Every entry that follows should be repeated exactly; drop the images.

Task input:
━━━━━━━━━━━━━━━━━━━━

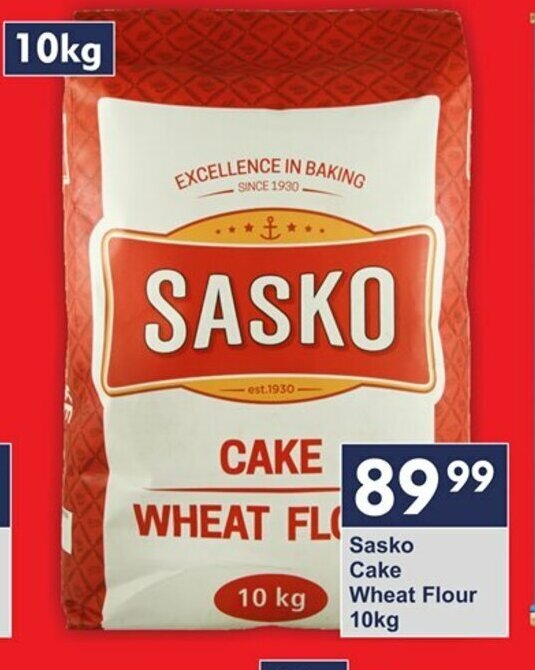 Sasko Cake Wheat Flour 10kg offer at President Hyper
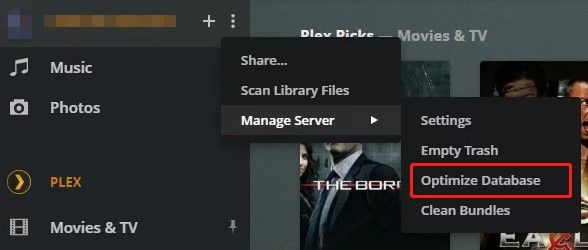 database optimaliseren in Plex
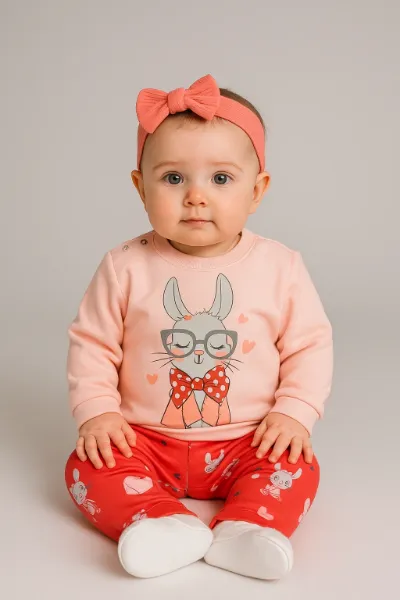 Conjunto Moletom Bebê Menina Sweet Bunny Salmão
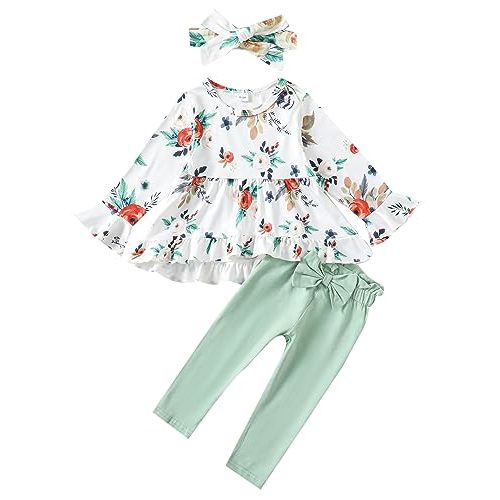 Kucnuzki Baby Girl Clothes Toddler Girl Outfit Ruffle Sleeve Shirt Floral Pant Set Fall Winter Clothing for Girl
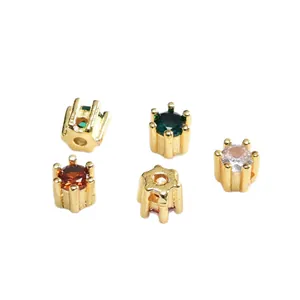 Cuentas espaciadoras de oro de 14k con circonitas de colores para joyería artesanal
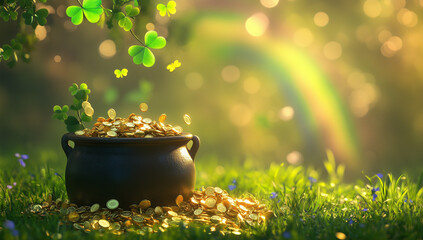 Pot filled with gold coins and rainbow on green background for St. Patrick's Day celebration.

━━━━━━━━━━━━━━━━━━━━

Solution below:
 Sasko Cake Wheat Flour 10kg offer at President Hyper
 database optimaliseren in Plex
 Conjunto Moletom Bebê Menina Sweet Bunny Salmão
 Kucnuzki Baby Girl Clothes Toddler Girl Outfit Ruffle Sleeve Shirt Floral Pant Set Fall Winter Clothing for Girl
 Cuentas espaciadoras de oro de 14k con circonitas de colores para joyería artesanal
 Pot filled with gold coins and rainbow on green background for St. Patrick's Day celebration.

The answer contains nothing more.